[WHAT TO PRODUCE] Find the line containing "Nissan Qashqai Engine", then print it and each line after it through the end of the listing exactly, with no pictures.

[RECORDED DATA]
::::

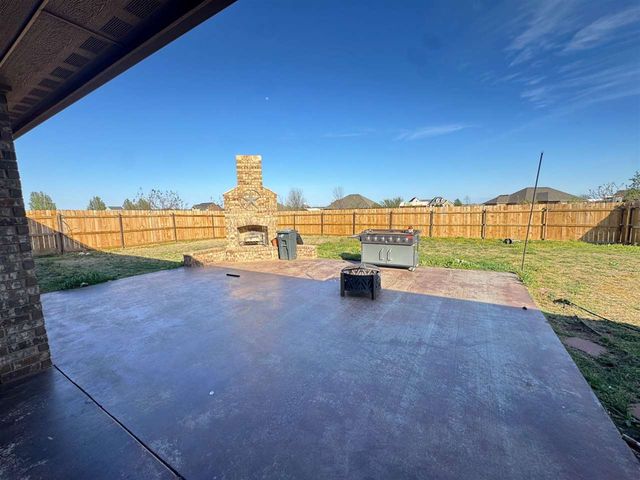 108 London Dr, Elgin, OK 73538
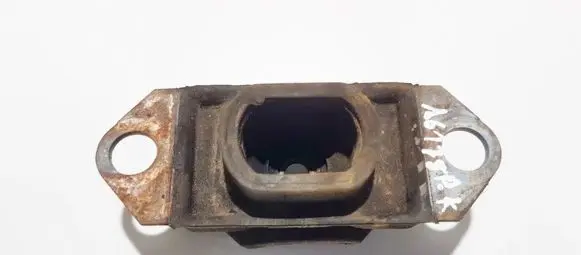 Nissan Qashqai Engine mount bracket 11220jd000 11220jd000(y)
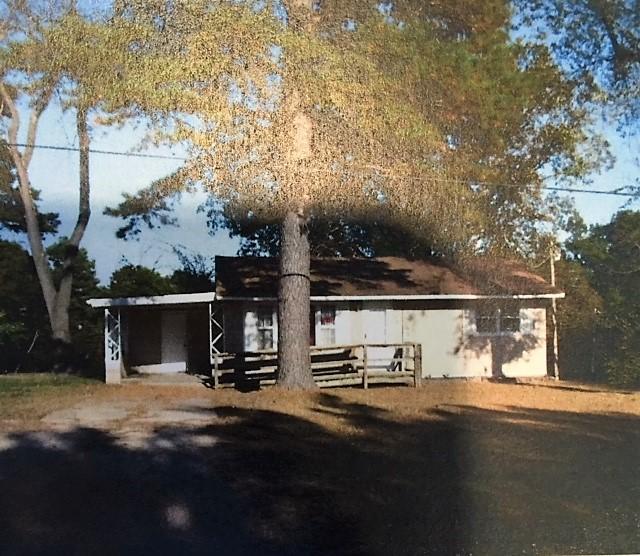 604 Highway F - Photo 1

::::

[REPLY]
 Nissan Qashqai Engine mount bracket 11220jd000 11220jd000(y)
 604 Highway F - Photo 1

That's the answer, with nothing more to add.